Le camp d'internement des gens du voyage avait été créé, non pas par l'occupant allemand, mais avant son arrivée par le gouvernement français qui se méfiait de cette population sans cesse en mouvement. On la soupçonnait d'espionner, de renseigner l'ennemi.
Dans son classeurs, Jean a rangé avec soin des documents de cette époque cruelle. Des photos des familles internées, le carnet anthropométrique de sa maman.
"Elle avait 11 ans, raconte Jean, et on la traitait comme une criminelle. Ils étaient tous pieds nus, été comme hiver."
"C'était une situation absolument abominable"
Sur le terrain, il reste encore quelques traces de ce camp d'internement et, notamment, une cave enterrée. La prison dans la prison.

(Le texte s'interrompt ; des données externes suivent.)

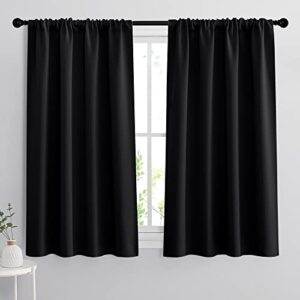 ryb home bedroom blackout curtains - black curtains solar light block insulated drapes energy saving for bedroom dining living room, 42 x 45 inches long, black, set of 2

"Pour éviter que les parents s'évadent, explique Jean Richard, ils prenaient un enfant dans chaque famille qu'ils enfermaient toute la nuit dans la prison et qu'ils relâchaient dans la journée. Ils étaient entassés, là-dedans à 20 ou 30. C'était une situation absolument abominable."
La cave servait aussi de punition pour ceux qui se rebellaient. Ils y étaient enfermés pendant, parfois, trois semaines avec, pour seule nourriture, du pain et de l'eau.

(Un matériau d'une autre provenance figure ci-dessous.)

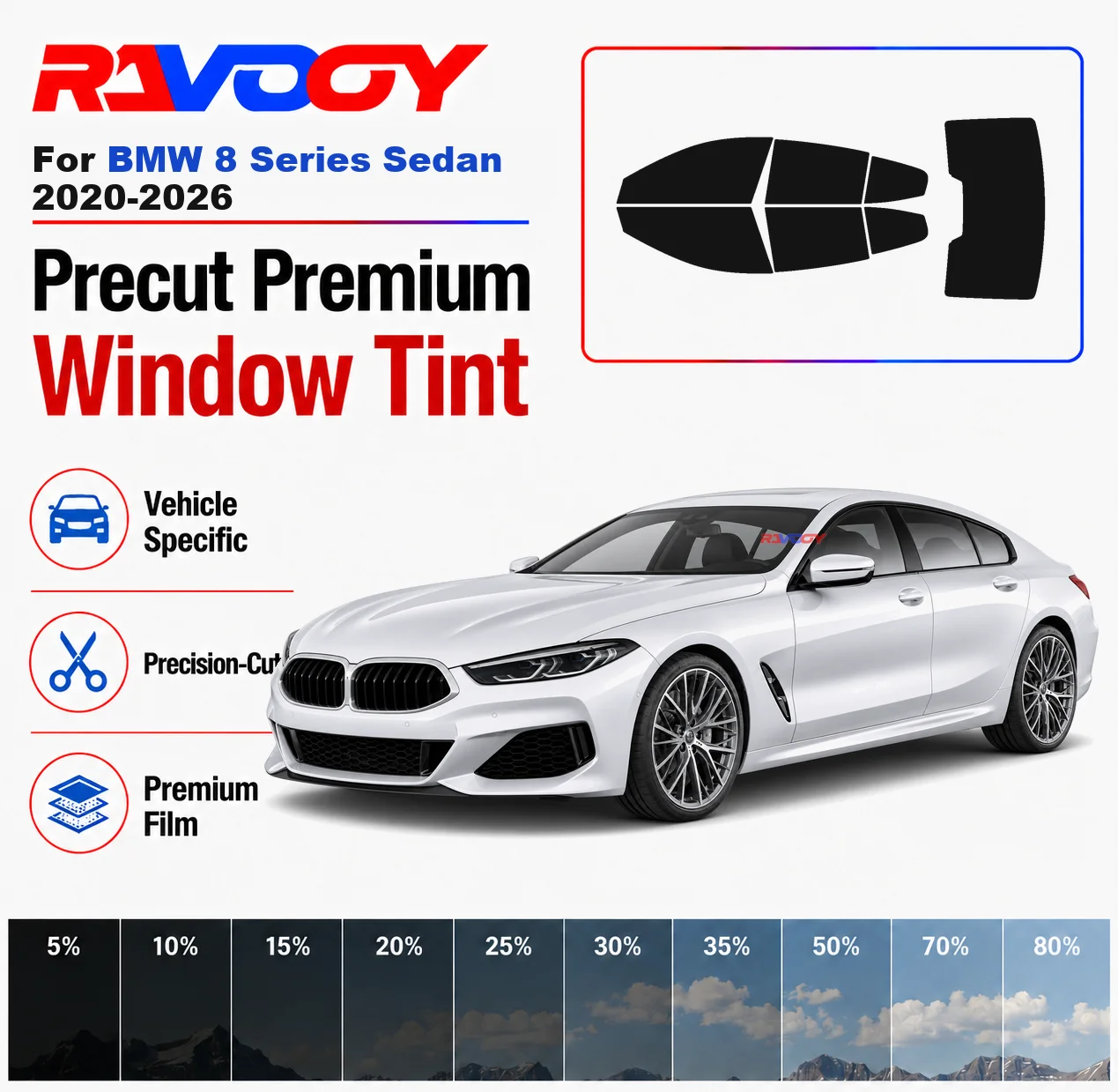 Premium Precut Window Tint Kit Front Rear Windows Rear Windshield For BMW 8 Series Sedan 2020-2026 Car Solar Nano Ceramic Film
Premium Precut Window Tint Kit Front Rear Windows Rear Windshield For BMW 8 Series Sedan 2020-2026 Car Solar Nano Ceramic Film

Jean se souvient du témoignage d'un ami qui lui a raconté, qu'enfant, alors qu'il était interné dans ce camps, sa mère avait été punie pour avoir utilisé des couvertures afin de confectionner des vêtements chaud pour ses enfants. Elle avait été enfermée dans cette cave pour destruction des biens de l'Etat. L'enfant venait parler à la porte avec sa mère pendant la journée.
"Il a mis longtemps à s'en remettre, il a toujours parlé de ça", se souvient Jean.

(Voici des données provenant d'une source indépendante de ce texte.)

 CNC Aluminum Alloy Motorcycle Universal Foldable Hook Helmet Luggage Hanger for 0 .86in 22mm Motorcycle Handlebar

►voir le reportage de Laura Striano, Jérémy Armand et Nathalie Saliou-Tendron
C'est Jacques Sigot, un instituteur, qui a fait un travail d'historien sur cette page sombre de l'histoire locale et nationale et rappelé, dans les années 80, ce qu'on avait enterré avec les vestiges du camps.
"Même chez nous, les voyageurs, fallait plus en parler, raconte Jean. Les gens de la famille ne veulent toujours pas venir ici. Moi je pense que c'est de l'Histoire, c'est notre histoire, on doit en parler."
Une stèle et un mémorial
En 2016, le Président François Hollande est venu à Montreuil-Bellay, à l'occasion du 70e anniversaire de la fermeture du dernier camp d'internement en France. Une stèle y a été posée. Un sentier d'interprétation est envisagé.
Lors de la présentation des mesures destinées à lutter contre le racisme, l’antisémitisme et l’anti-tsiganisme, la première Ministre Elisabeth Borne a annoncé ce lundi 30 janvier la création d'un mémorial des gens du voyage, à Montreuil-Bellay.
Il prendra place dans un ancien bâtiment agricole que la commune doit acquérir. Mais ce projet est estimé entre 500.000 et 1 million d'euros.
"Nous comptons sur cette mobilisation des collectivités territoriales, de l'Etat, de l'Europe, espère Mariette Souchet, adjointe à la culture de Montreuil-Bellay.
Si les partenaires de ce projet parviennent à réunir la somme, le mémorial devrait ouvrir d'ici 2026.